Josh Weed’s post about being a gay Mormon married to a woman has been making the rounds, and I assume most of our readers will have seen it already. Yesterday Alan Jacobs posted a comment on Noah Millman’s take on the piece, which I thought was good fodder for further conversation:

Noah, you write, “The radicalism of modern Western marriage is the assertion that these feelings [of passion] should have something to do with marriage – indeed, should have primacy over the far more traditional bases of marriage, namely property and eugenics.” I think you’re leaving out the other possibilities that are key to the story. It’s not just passion on the one side and property and eugenics on the other. What this story is pointing to is the possibility of personally chosen, not arranged, marriages built around a kind of regard for one another that is not primarily erotic, in the narrower sense. Here the key word is “intimacy.” These people married each other because they loved each other and wanted to share deep intimacy, but that intimacy was not characterized primarily by sexual passion. And yet the couple insists that they have a strong sexual relationship. The really interesting thing about the story has nothing to do with homosexuality, but with the possibility that our society has the logic of attraction all backwards: we start with sexual desire and hope to generate other forms of intimacy from that, but this model suggests that it could make more sense to start with the kind of intimacy that is more like friendship than anything else, and to trust that sexual satisfaction will arise from that.

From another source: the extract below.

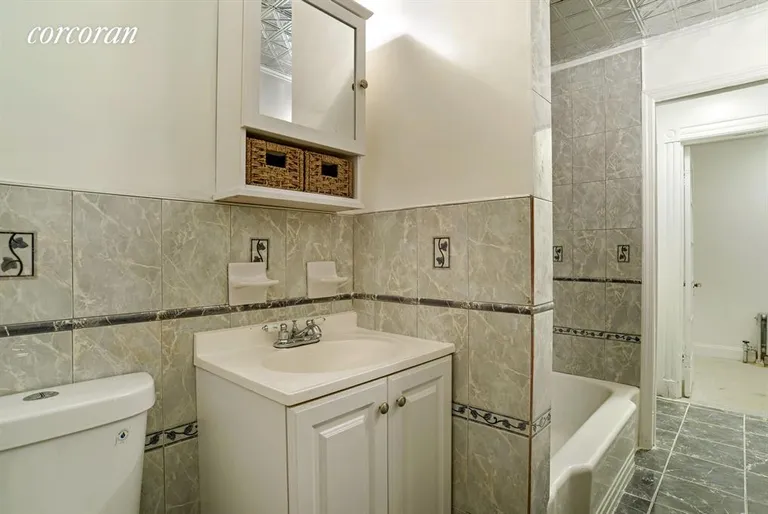 New York City Real Estate | View 477 Decatur Street | Bathroom with tub and laundry hook up | View 10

I don’t think this is a new idea, but it feels new. When we read Jane Austen novels we think that the attraction between the protagonist and her beau had to have been primarily sexual but the topic just couldn’t be broached in those prudish days, but what if that’s just our narrowly sexual cultural formation talking? Maybe we need to think more seriously about the Weed family as a model for others — and not just for people who, as we Christians often say, “struggle with same-sex attraction.”